The EPDM sponge has the same benefits as the neoprene blend. However, its resistance to ozone is greater, making it best suited in environments where exposure to ozone is a challenge. This makes it more expensive when compared to the neoprene blend.
Foam materials are similar to sponge materials in that they are recommended for use in applications that require low compressional forces. They, however, offer lower compressional forces in comparison to sponge materials. Foams are generally less expensive when compared to solid or sponge materials. They are used to provide a simple seal from the duct and primary air. They do not provide a genuine environmental seal. They are best suited where a basic seal of two materials is needed and not for critical applications outdoors.
The cellular silicone foams have extreme temperature resistance. They are employed in applications that require resilience in cushioning, sealing, vibration and insulation. They can be found in six varieties which range from ultra soft to extra firm.
The filter foams are custom designed to Filter out dust. Filter foams permit air to Flow in and out of the system yet keep out dust. They are mostly used in electronic applications where dust is undesirable.
Polyurethane foams can be used broadly in gasketing, energy absorption, and sealing. They are less costly when compared to silicone foams. They also have a low compression set. Polyurethane foams can be available in a variety of densities and firmness within each formulation.
Polyolefin is an inexpensive material in basic gasket making. It is mostly selected as a space filler to prevent two sides of a part from touching.

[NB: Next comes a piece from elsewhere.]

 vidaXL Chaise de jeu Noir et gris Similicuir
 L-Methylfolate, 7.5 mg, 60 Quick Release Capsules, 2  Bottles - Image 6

The form in place is mostly used where a very small gasket is needed. The small gasket may be difficult to die cut and assemble. Such small gaskets are flimsy to manage and elongate time and effort in assembling. In such cases, form in place gaskets are selected to reduce assembly cost. The gasket is dispensed into the unit and cured. FIP materials are typically used in electronic devices due to their size.
Silicone sealants and adhesives cure upon exposure to ambient humidity. They have good sealing properties and set well in the majority of ozone, weather, and compression conditions with electrical insulation properties. Silicone sealant can be applied on overhead, vertical, and horizontal surfaces depending on the viscosities.
When uncured, silicone is capable of adhering to small objects as it cures. When applied in FIP, silicone has high temperature performance but low temperature flexibility. It has a wide range of applications due to it being readily available.
These get used when lead time and production are a priority. UV Materials do not need much curing time after dispensing as silicone does. This makes the turn around faster. UV materials are preferred where high volume and high throughput production are prioritized.
EMI materials are the most popular type of FIP gaskets used in various applications. They meet the requirements of the EMI applications and are best suited when precise and small gaskets are needed. EMI materials can shield between two gasket sides and can be used in satellites, aerospace, and test equipment.
This involves using EMI materials to shield between the two areas of a part or product.
Silicone extrusions merge two types of gaskets i.e. EMI shielding and environmental seal into one product. It has a thin shield that is electrically conductive and is co-extruded on a silicone rubber base. They are a good option when there is a need to put a gasket into a grove. In cases where the grove is too small for extrusion, then FIP dispensing is more preferred. Extrusion yields a lower compression force because it is softer when compared to FFIP dispensing.
EMI shielding silicone products are conductive as they have a conductive filler which can be nickel, copper, or aluminum. It is very flexible and can fit many designs and sizes, although it is not best suited for harsh environments such as sunlight or caustic chemicals. Such harsh environments can impair the shielding and sealing. Therefore, it is mostly used as connector gaskets or on print circuit boards or electronics.
These materials are used in dissipating heat in a component. The selection of the thermal interface material depends on the amount of power output over a time frame. Silicone is widely used for this type of gasket due to its high temperature capabilities. The right conductivity of the material needs to be chosen in order to dissipate the required heat. The more the heat dissipates, the more costly the material is. As with fluorosilicone, silicone materials may have cloth inserts to enhance their tear resistance.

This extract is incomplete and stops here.